Telehealth has the potential to improve provider efficiency and reduce downtime. The Texas A&M Telehealth Counseling Clinic’s director of clinical services, Carly McCord, explained: “We’re talking about rigorous therapy, such as treating PTSD, which can’t be done with slow internet.

When your patient tells you about trauma and your connection goes down, you miss a word and have to apologize. ‘Could you repeat that?’ This is a major issue.”

5. Improving senior care and allowing seniors to age in place

Seniors are addressed in several facets of telehealth, but the main goal is to guarantee that seniors continue to get treatment and live safely in their homes for longer.
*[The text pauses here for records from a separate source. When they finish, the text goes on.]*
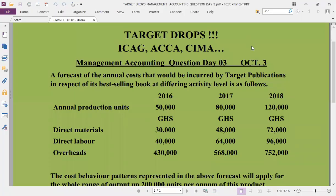Welcome to Target Professional Consults. This is Target Jobs Day 3, management accounting question day three for ICA Ghana, ACC and CIMA and other professional bodies. Please subscribe to the channel if you haven't done that — like and share the link with your friends. Kindly solve the question before going through the solution to help prepare you well for your examination.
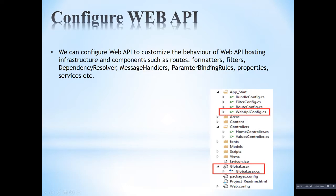We can customize the behavior of Web API by adding different properties to the HttpConfiguration object, such as formatters, filters, dependency resolvers, message handlers, primitive binding rules, parameter binding rules, properties, and services.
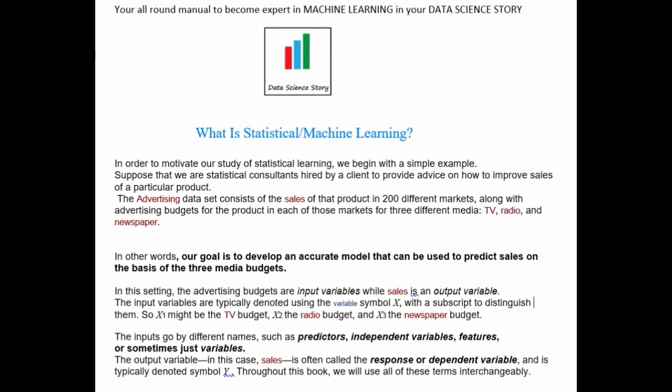The business problem that our client has given us is that their company is not able to directly increase sales of the products. They want us as data scientists to analyze these three different media advertising budgets — TV, radio, and newspaper — with respect to sales, to determine patterns or relationships and ultimately give recommendations. Our goal is to develop an accurate model that can predict sales on the basis of three media budgets.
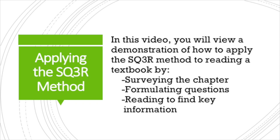Now that you have learned the five steps in the SQ3R method, how will you apply them as you read? In this video, you will view a demonstration of how this method is applied to the type of reading you might encounter in a course textbook.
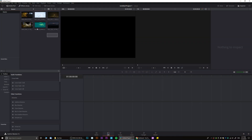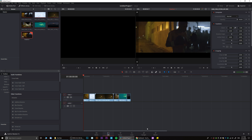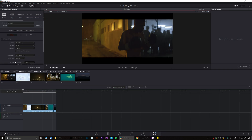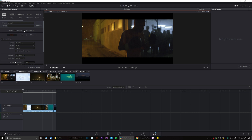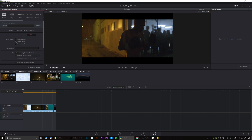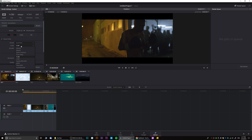Creating proxies in a program like DaVinci Resolve is very easy. Once you load all the files into your system, all you have to do is create a timeline with every single file you have for your project, go to the render settings, and specify that you want to render all those files separately but retain the file name. Once rendering is done, you're going to have exactly identical files but in a smaller resolution.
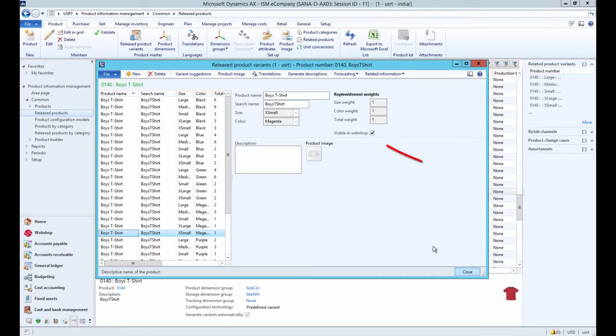Product variant, just like a regular product, can be shown or hidden in the Web Store using the Visible in Webshop checkbox.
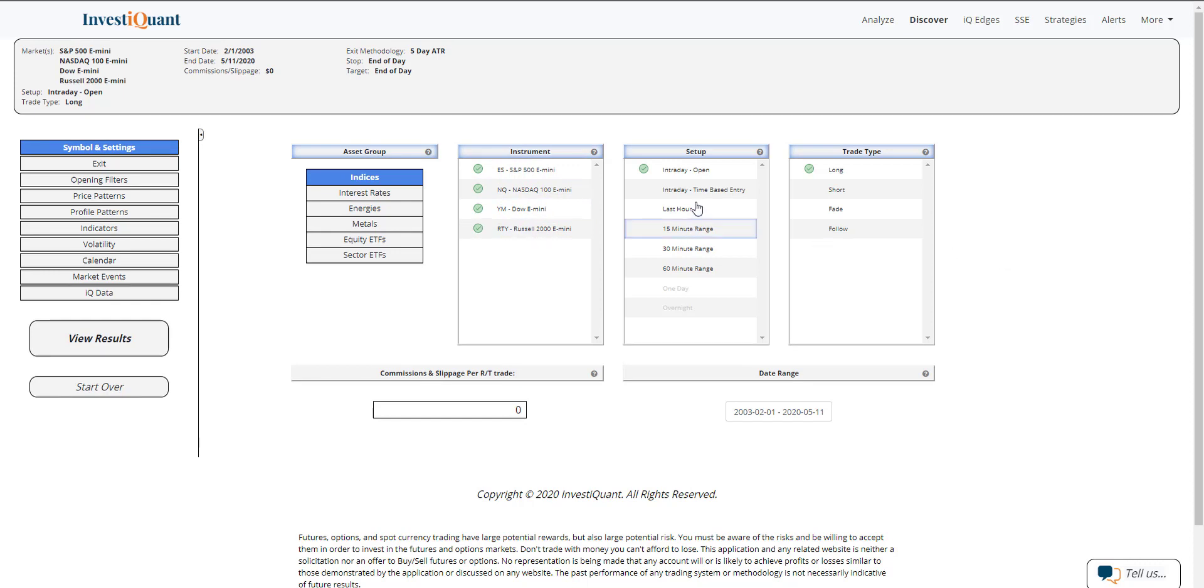The setup is going to be entering long at the open of regular trading hours. So long 9:30 AM Eastern time, exiting at 4:15 PM Eastern time. And the bias is based off of a strong close and then gapping down on Monday.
Innovative home technologies, including wirelessly controlled sensors, are a significant broadband component of this healthcare equation. Some sensors can now tell if a person sat up in bed or fell asleep on the floor, ate frequently, and took their meds on time.

6. One of the few positive lessons learned from the pandemic is reimagining what hospital care can be.

Consider hospitals in a new light. “Almost the simplest and cost-effective method to handle remote monitoring of patients recovering from surgical operations is to convert dormitory facilities,” Peter Caplan, managing consultant for New York-based eHealth Systems & Solutions.

Last year, Chicago Mayor Lori Lightfoot repurposed 2,000 rooms at five hotels to house asymptomatic persons who needed isolation due to COVID-19, easing the pressure on hospitals and providing financial support to hotels whose occupancy rates had plummeted.

Work follows the dream.

These telehealth ideas and methods might help you think about combining telemedicine and broadband deployment. To make these dreams a reality, a lot of legwork and community needs analysis and much community stakeholder planning are required. Is your community ready to help you finish the job?